26-Jan-07 Colombia Mexico eyes Colombian experience in drug battle Patrick Markey Reuters
BOGOTA, Jan 25 (Reuters) - Mexico's top prosecutor on Thursday looked
to Colombia's experience in counter-narcotics and conflict for lessons
to help his government battle drug cartels whose violence has engulfed
parts of the country.

Mexico's President Felipe Calderon, who took office in December, has
started shipping imprisoned drug lords to face charges in the United
States in a intensifying fight against narcotics smugglers who killed
2,000 people last year.

Colombia, the world's No. 1 producer of cocaine, has received billions
of dollars in U.S. aid to combat the drug trade that has helped fuel
the country's four-decade conflict with Marxist rebels and illegal
paramilitaries.

"Colombia has very rich experience in this sense and we are here to
learn," Mexico's Attorney General Eduardo Medina Mora told reporters
in Bogota before a meeting with U.S. ally President Alvaro Uribe.

"It is not about exporting models. Each country has its own problems,
with different actors and concerns, but certainly there are
parallels," he said.

He said the two governments would exchange intelligence and
information on fighting traffickers and confiscating their illicit
gains.

Calderon has already sent 7,000 troops to his home state of Michoacan
as gangs battle for control of drug routes there and in several other
regions.
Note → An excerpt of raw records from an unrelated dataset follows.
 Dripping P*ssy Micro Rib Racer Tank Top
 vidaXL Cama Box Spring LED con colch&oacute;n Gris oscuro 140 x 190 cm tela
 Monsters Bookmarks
Authorities beefed up security for judges after extraditing
four major drug lords in January.

Colombia produces more than 600 tonnes of cocaine a year most of it
destined to the U.S. and European markets via routes including Mexico,
Venezuela and the Caribbean, experts say.

Uribe, a U.S.-trained attorney re-elected last year, has extradited
more than 500 suspected traffickers to face charges in the United
States as part of cooperation with Washington.
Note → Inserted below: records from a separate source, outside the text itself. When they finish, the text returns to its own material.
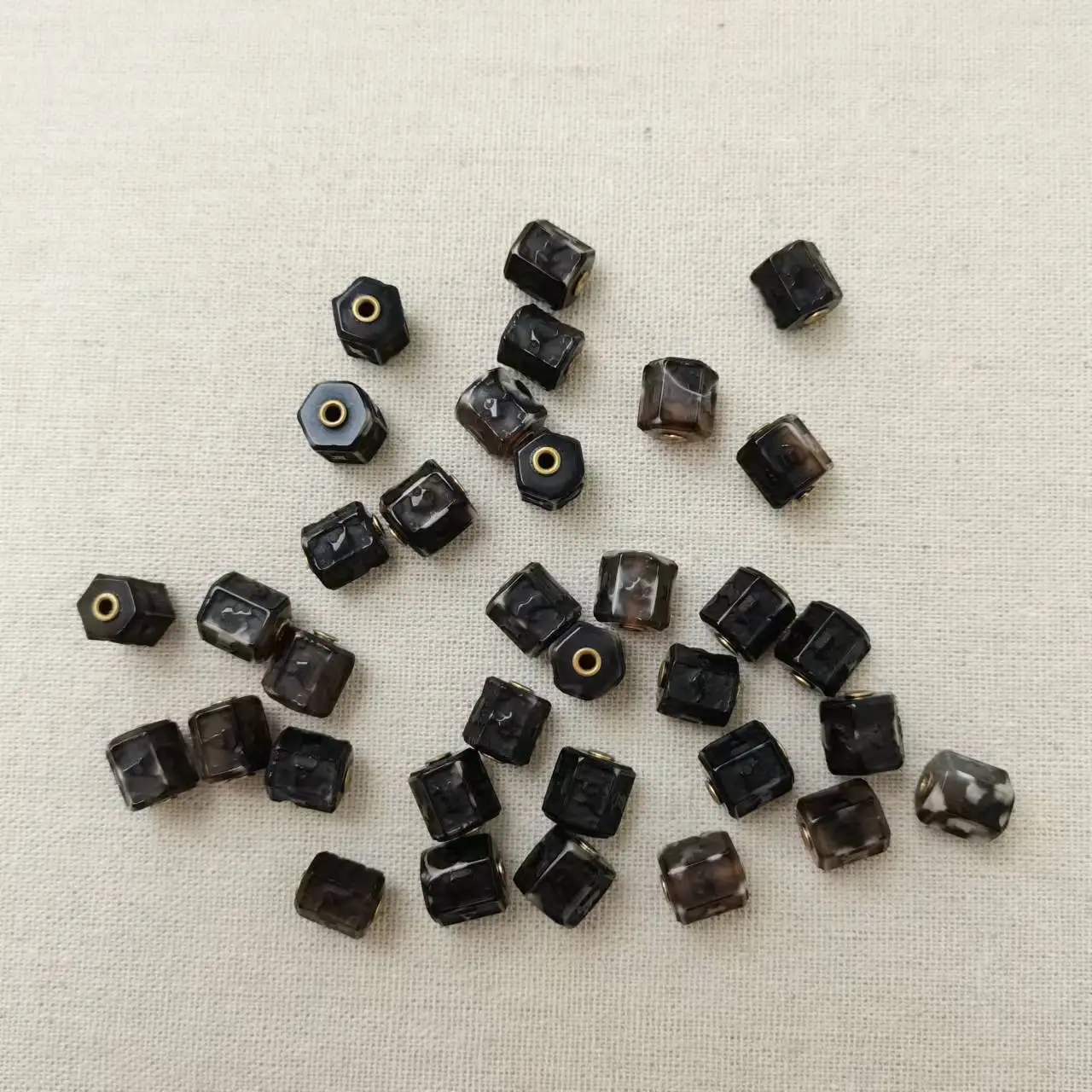 

2pcs/lot Natural dzi bead carving antique lantern inlaid beads bulk wholesale brown black accessories taki jewelry folk-custom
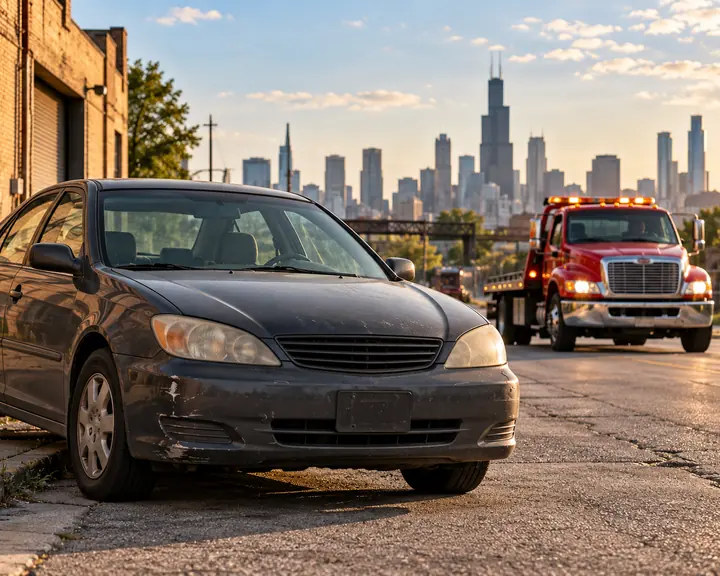 Illustration of an older car awaiting pickup with a red tow truck and Chicago skyline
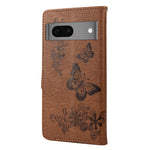 Custodia per cellulare in pelle flip orizzontale goffrata farfalla, For Google Pixel 7 Pro 5G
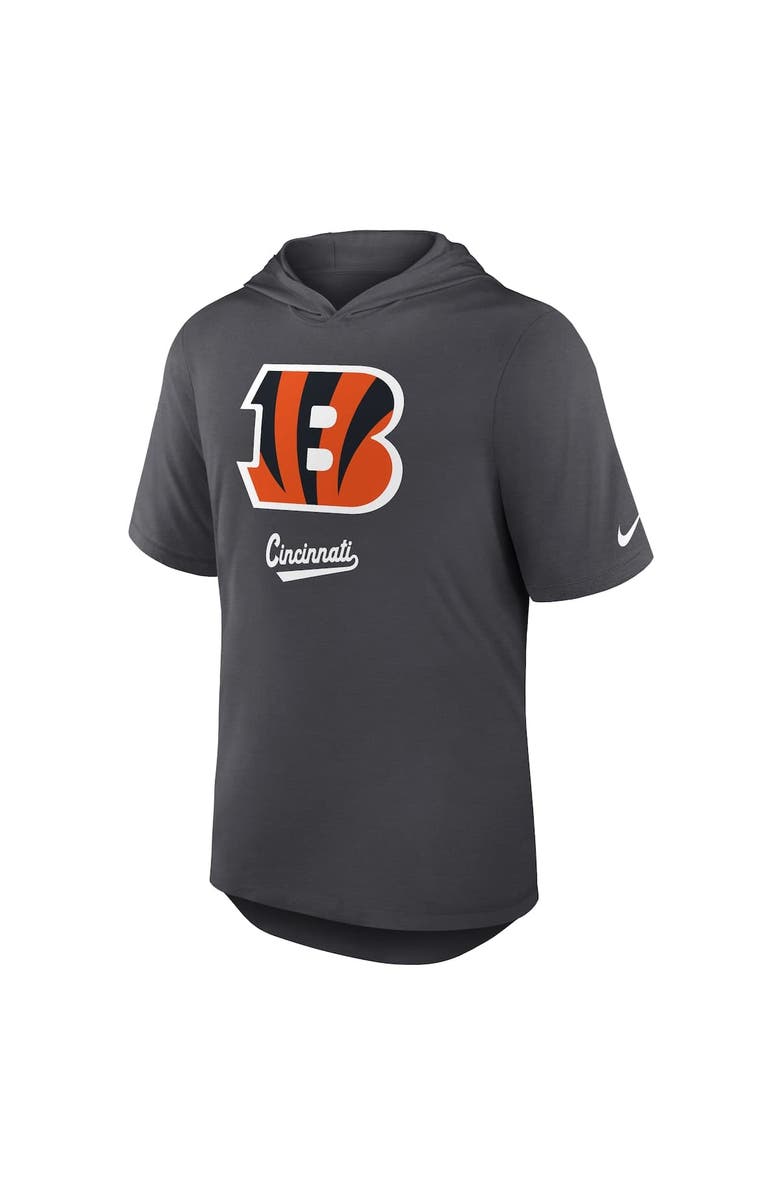 Nike Men's Nike Anthracite Cincinnati Bengals Tri-Blend Performance Hoodie T-Shirt, Alternate, color, Anthracite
Violence and kidnapping associated with the Andean country's war has
decreased sharply after Uribe sent troops to retake parts of the
country once controlled by rebels and other illegal armed groups.

During the height of Colombia's conflict, drug lords declared war on
the government in a campaign against the policy of extraditing
traffickers to the United States.

With a slogan "Better a Colombian tomb than a jail cell in the U.S.,"
cartels set off bombs and killed judges, politicians and police
pressure the government. Colombia prohibited extradition in the 199Os
before later reinstating the policy.